> As I mentioned earlier, I have a method to make those measurements but it's
> not practical for most hams. That's why I've been asking if anyone else has
> a less complex solution to this kind of measurement.
>
> 73, Rudy N6LF
Forrest Gehrke K2BT wrote a 6-part series in Ham Radio in 1983 / 1984 on phased
vertical antennas. He came up with a technique to derive the Z-parameter matrix
(self and mutual impedances 2-port matrix) without using a VNA. (If you can
measure the complete S-parameter matrix between verticals using a VNA, it's
easily converted to the Z-parameters [and vice-versa]).
His method is described in Part 3 - July 1983 issue (pg 26-34) and works for
element lengths of 1/4 wave or less. If they're longer you need to come up with
a different way to decouple the elements.

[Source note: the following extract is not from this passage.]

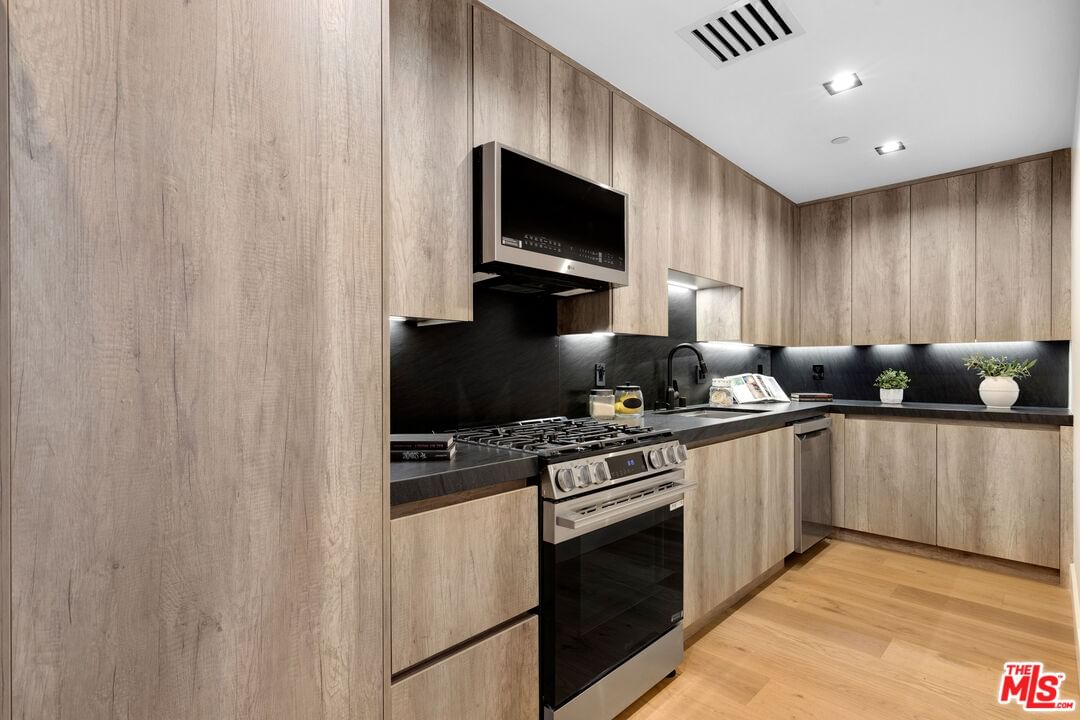 Oak View photo 15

1. Start with element 1. Open-circuit all the other verticals except the pne
being measured. Open-circuited quarter-wave vertical couples weakly. Measure
the self-impedance of the excited antenna element. This provides Z11 for that
antenna. Iterate for all antenna elements (providing Z11 for each).

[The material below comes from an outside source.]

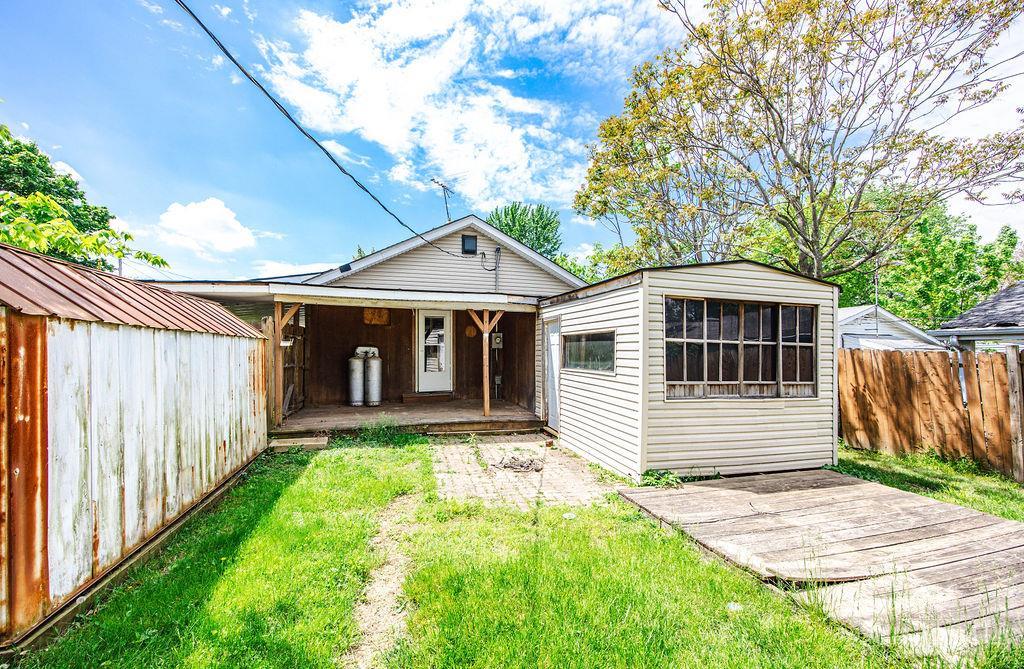 2146 Fairfax Avenue, Fairfield Twp, Ohio image 26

2. Short element 2 to ground. Measure driving point impedance of element 1.
Open-circuit element 2, short-element 3 and measure driving point impedance of
element 1. this gives Z12, Z13, and Z14 for example. Repeat for all elements.
This gives a table of measured values. For example for a 4-element array, four
measurements at element 1, four measurrments at element 2, etc. - 16 total
measurements. A passive antenna will give a symmetric Z-matrix, so the above
table has duplicated measurements which can be used to check for consistency.

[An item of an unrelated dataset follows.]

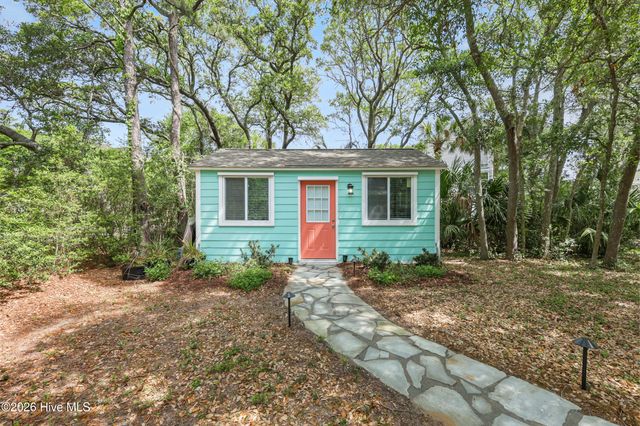 218 Assembly Way Avenue, Kure Beach, NC 28449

Forrest was always amazed at how closely symmetric the values ended up being
after his measurements.
Extract the 2-port values for each element pair. (Z11, Z21, Z12, Z22).
For element 1 and element 2, the math is:
Z1 = E1/I1 = Z11 - (Z12)^2/Z22. This is driving point impedance of element 1
with element 2 grounded.
Then Z12 = +or- SQRT(Z22) (Z11 - Z1). You need to pick the correct root, but
it's usually pretty easy to guess.
My personal hunch would be that if there is spurious coupling from a tower or
other wire, then the Z-matricies would become non-symmetric.